TASK TO COMPLETE -> Give again, exactly as written, the lines of the records below from the line with "Detail of hollow" to the line with "Portrait of young". Both end lines count; pictures do not.

DATA SECTION ->
************

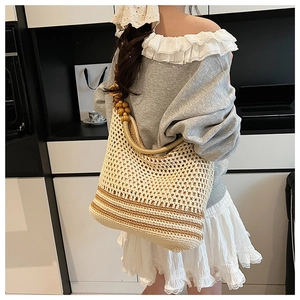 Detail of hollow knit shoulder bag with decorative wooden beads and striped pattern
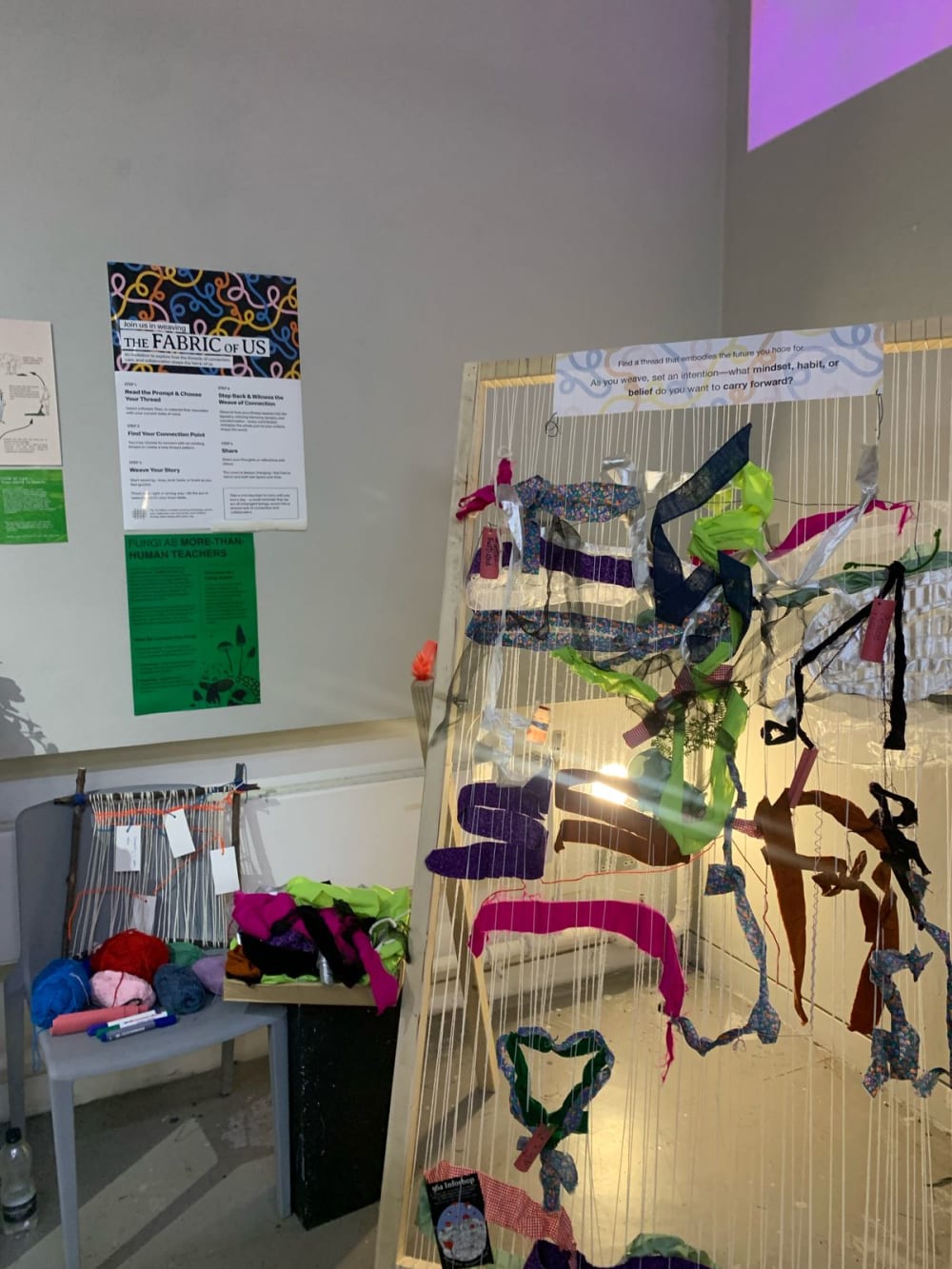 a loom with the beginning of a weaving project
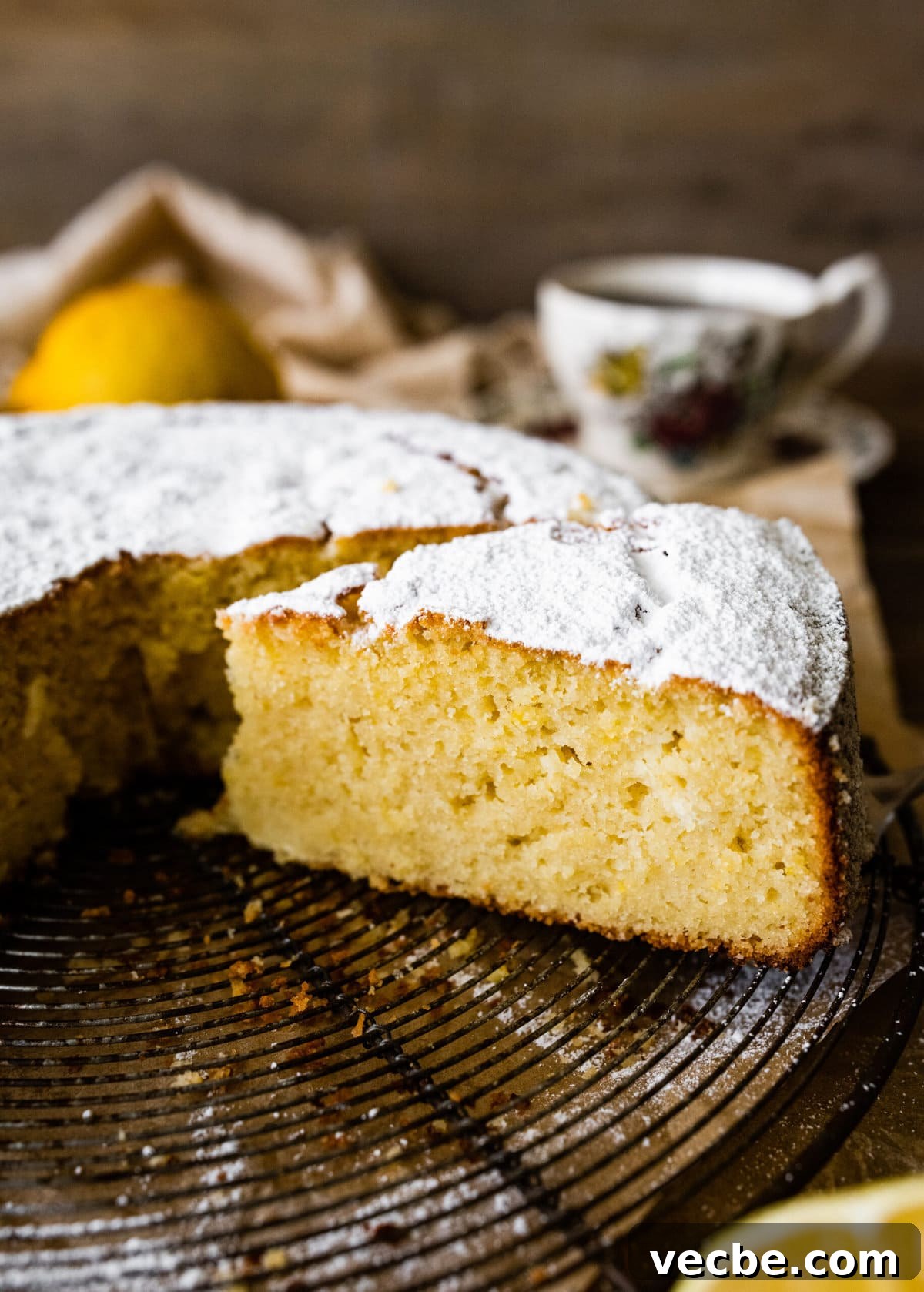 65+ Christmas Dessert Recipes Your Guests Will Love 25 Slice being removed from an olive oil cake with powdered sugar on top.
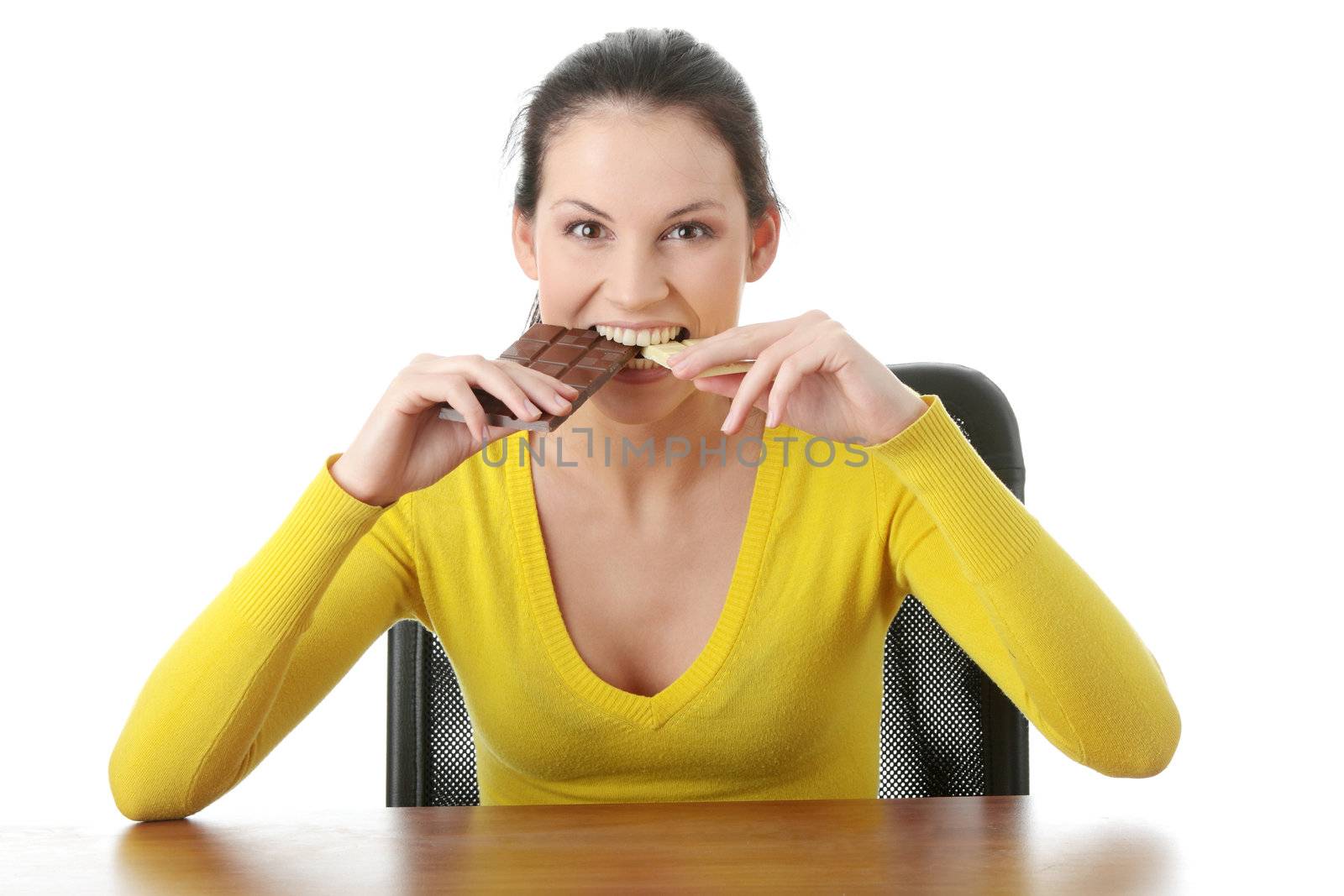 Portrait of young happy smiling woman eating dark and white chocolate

************

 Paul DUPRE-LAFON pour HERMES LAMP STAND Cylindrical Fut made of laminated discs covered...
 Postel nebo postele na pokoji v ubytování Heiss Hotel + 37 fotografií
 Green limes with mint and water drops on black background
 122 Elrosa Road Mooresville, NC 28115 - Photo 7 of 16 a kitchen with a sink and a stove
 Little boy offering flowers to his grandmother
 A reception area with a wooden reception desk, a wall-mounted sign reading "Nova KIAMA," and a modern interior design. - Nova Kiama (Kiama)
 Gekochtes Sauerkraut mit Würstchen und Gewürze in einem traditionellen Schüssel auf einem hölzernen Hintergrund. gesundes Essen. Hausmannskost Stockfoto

************

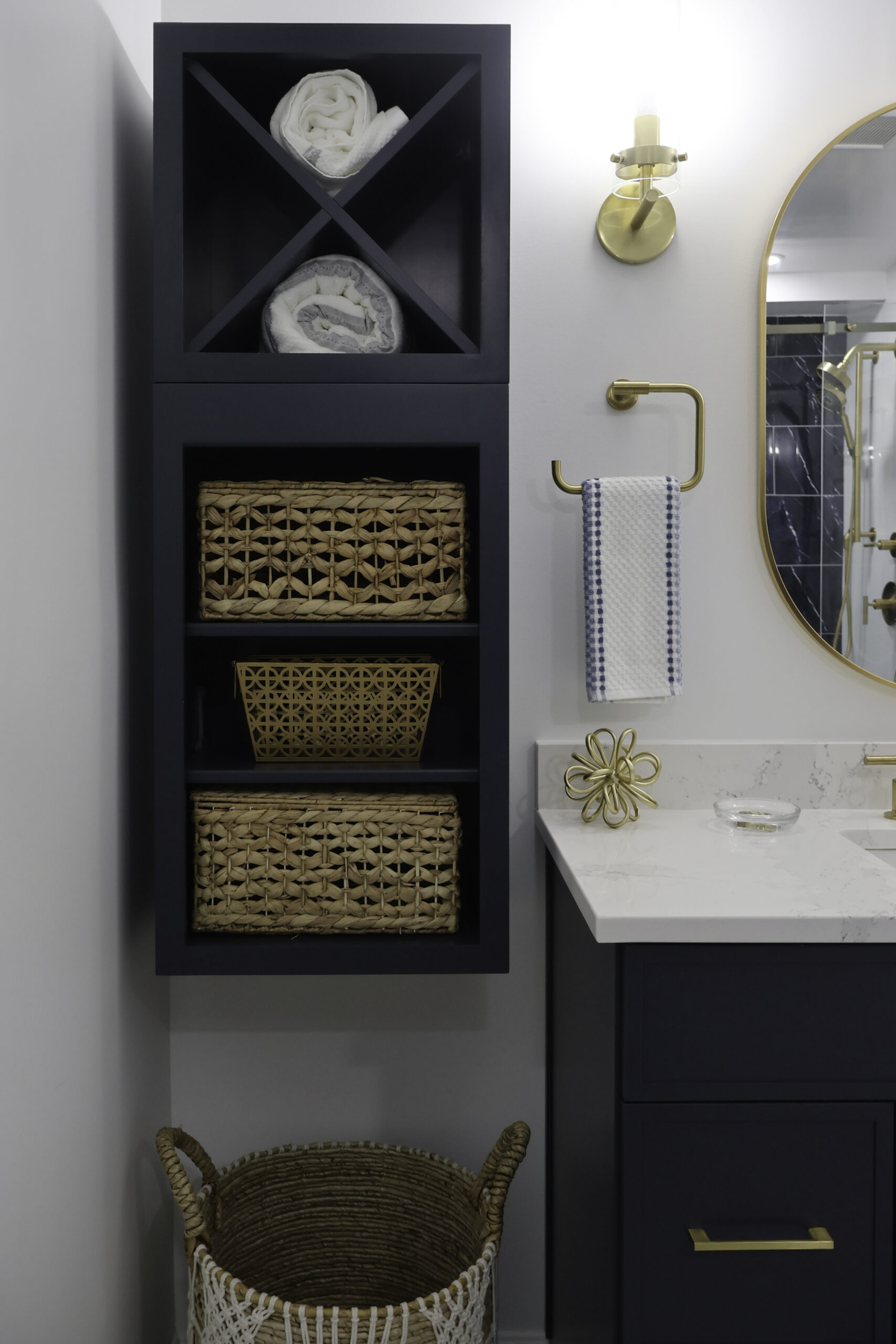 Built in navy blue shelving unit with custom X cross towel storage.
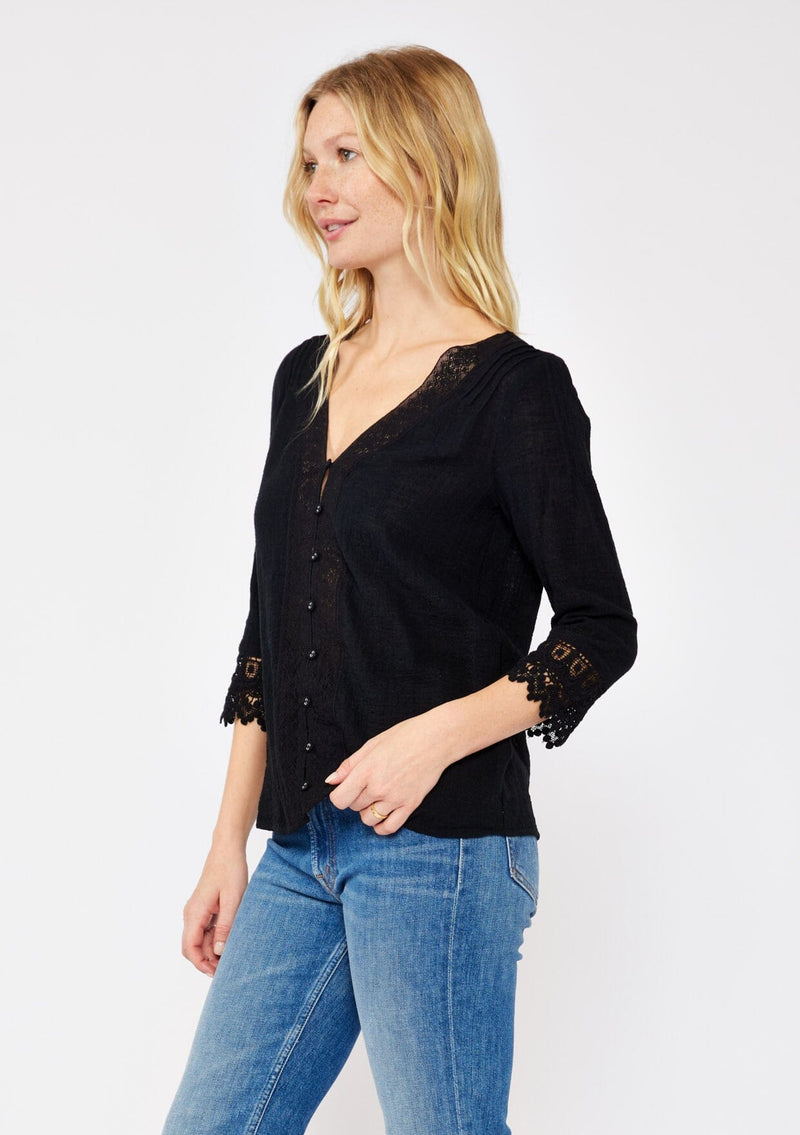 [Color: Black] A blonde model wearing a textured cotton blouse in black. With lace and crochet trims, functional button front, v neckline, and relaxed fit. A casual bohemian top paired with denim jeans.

************

SOLUTION ->
 Detail of hollow knit shoulder bag with decorative wooden beads and striped pattern
 a loom with the beginning of a weaving project
 65+ Christmas Dessert Recipes Your Guests Will Love 25 Slice being removed from an olive oil cake with powdered sugar on top.
 Portrait of young happy smiling woman eating dark and white chocolate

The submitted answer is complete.